因此,根据上述数据,我需要应用正则表达式,创建一个新列,然后像第二列一样获取数据,即standardNames。我尝试了以下代码:

spark.sql("select *,case when corruptNames rlike '[^a-zA-Z ()]+(?![^(]*))' or corruptNames rlike 'standardNames' then standardNames else 0 end as standard from temp1").show()  

它抛出以下错误:

pyspark.sql.utils.AnalysisException: "cannot resolve '`standardNames`' given input columns: [temp1.corruptNames,temp1. standardNames];
fajkasjifise 回答:应用逻辑后,正则表达式模式无法在pyspark中运行

尝试不带select sql的示例。我假设如果正则表达式模式为true,则基于 corruptNames 创建一个名为 standardNames 的新列,否则“执行其他操作……”。

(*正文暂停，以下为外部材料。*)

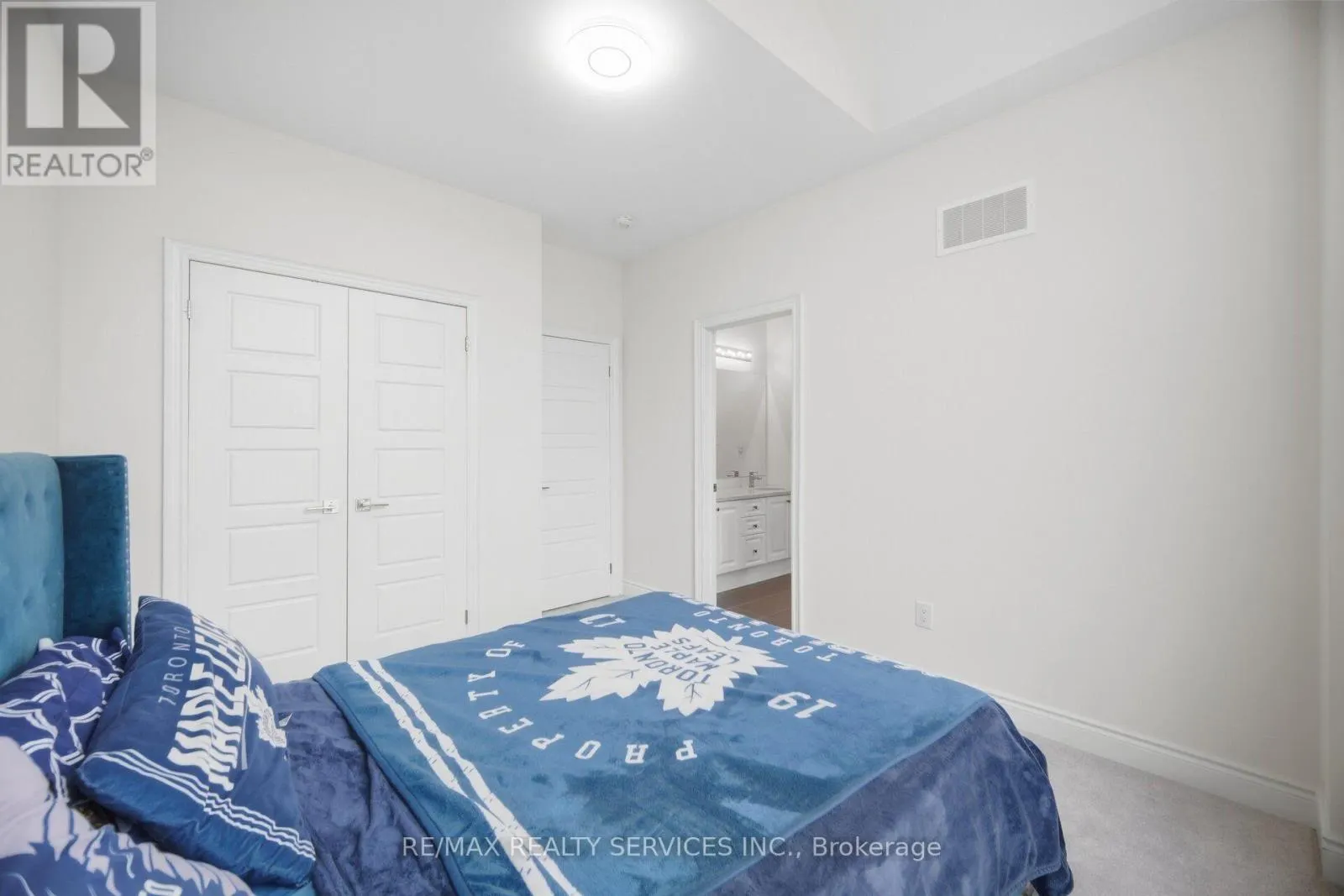 70 ROYAL FERN CRESCENT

注意:您的模式无法编译,因为您需要使用\转义倒数第二个)。

pattern = '[^a-zA-Z ()]+(?![^(]*))' #this won't compile
pattern = r'[^a-zA-Z ()]+(?![^(]*\))' #this will

代码

import pyspark.sql.functions as F

df_text = spark.createDataFrame([('Sid is (Good boy)',),('New York Life',)],('corruptNames',))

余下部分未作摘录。